Mohammed Merah's killing spree is a blow to a security establishment that claims to have kept metropolitan France free from major terrorism. While racial and religious tensions had led to outbreaks of violent riots, there had been no attacks in Paris of the scale of London, Madrid or New York on 9/11.

Following a spate of bombings by north African groups in the 1980s and 1990s, mainly the work of the GIA (Armed Islamist Group of Algeria) the French authorities were the first in western Europe to focus on Muslim extremist violence at a time the British were busy with Irish paramilitaries and the Spanish with Basque separatists.

This was a factor that drove many Islamist groups to move their bases in Paris to London, where they were largely left alone by the police and the security service. It was believed this would make them easier to infiltrate and also that the jihadists would not blow up the country where they lived.

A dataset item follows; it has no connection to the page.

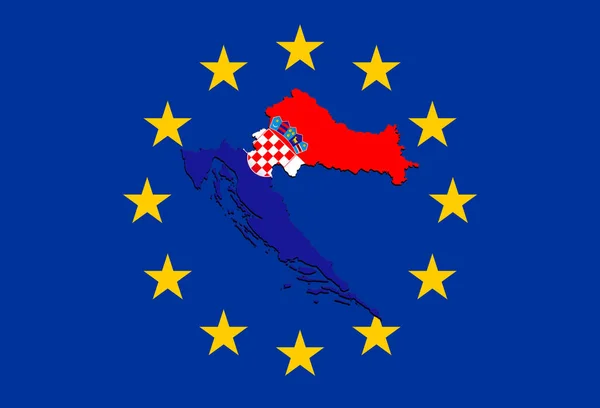 Närbild på Kroatien karta på euron unionens bakgrund — Stockfoto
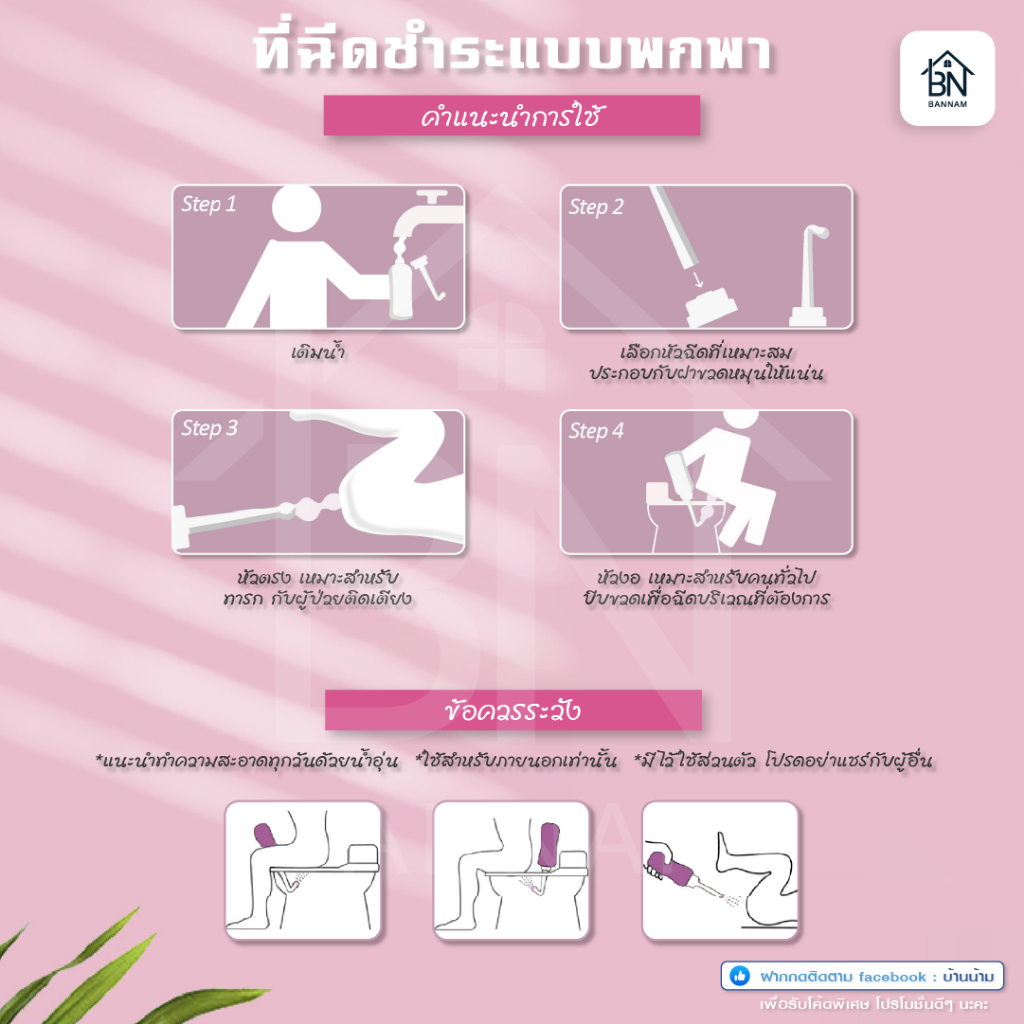 2หัว ที่ฉีดก้นพกพา ที่ฉีดชำระแบบพกพา Waterpulse ฉีดก้นแบบพกพา สะดวก ที่ฉีดตูด ถูกสุขอนามัย รูปที่ 3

The attacks on London's transport network in July 2007 proved this wrong; something the government in Paris and several allied countries, including the US, had warned would happen.

France, meanwhile, may have gained a respite from being a target because, unlike the UK and Spain, it had refused to join the American-led invasion of Iraq – the single most potent trigger for radicalisation of young Muslims in the UK, according to Eliza Manningham-Buller, who was in charge of MI5 at the time.

But the hiatus for France has not lasted and France, especially under Nicolas Sarkozy, has taken an increasingly aggressive stance on counter-terrorism. Figures released last year by Europol, the European Police Agency, show that France was responsible for more than half of the arrests of "people linked to Islamist terrorism" – 94 out of 179. This, declared the French government, made it "Europe's leading bastion against this threat". Alain Bauer, a criminologist who had advised the authorities on terrorist threats, stressed that the figures showed, "the French preventative method works". Others are less sanguine. Tough laws, deemed by some Muslims to be an attack on their faith, passed by the French parliament, and the deployment of French troops to Afghanistan, may have contributed to the return to the extremist threat, warned Bernard Squarcini, the head of Direction Centrale du Renseignement Intérieur (DCRI), the internal intelligence service.

"The red lights are flashing for a possible attack. France's role in Afghanistan, its foreign policy and debate over the law banning the burkha have increased the risk. On average two plots were being foiled each year, but one day, we're going to get hit," he said last year.

French nationals outside the country were already on the firing line. A number had been kidnapped in places like Iraq and Afghanistan. Six were held in Niger, and when Michel Germaneau, a 78-year-old aid worker, was killed, the French government sent troops to the west African country, three members of which were allegedly shot by Merah.

French troops have been working with local soldiers and police in north and west Africa against AQM (al-Qa'ida in the Maghreb) originally founded by Ayman al-Zawahiri, who subsequently became the head of al-Qa'ida after the death of Osama bin Laden. Other French personnel, mainly commandos and special forces, have been active in Somalia and the Yemen.

The French security service had also begun to notice the rebirth of home-grown hardline Muslim groups, among them Forsane Alizza (Knights of Pride) with presence in Paris and Limoges, which 23-year-old Merah reportedly joined. The group, proscribed earlier this year, says its prime aim is to "combat Islamophobia" and "protect the honour of Muslim women".

Merah appears to have brought the war home. Robert Emerson, a security analyst, said: "We don't know yet whether just a few people were involved in this or an organised group. Either way it shows there is scope in France for further attacks."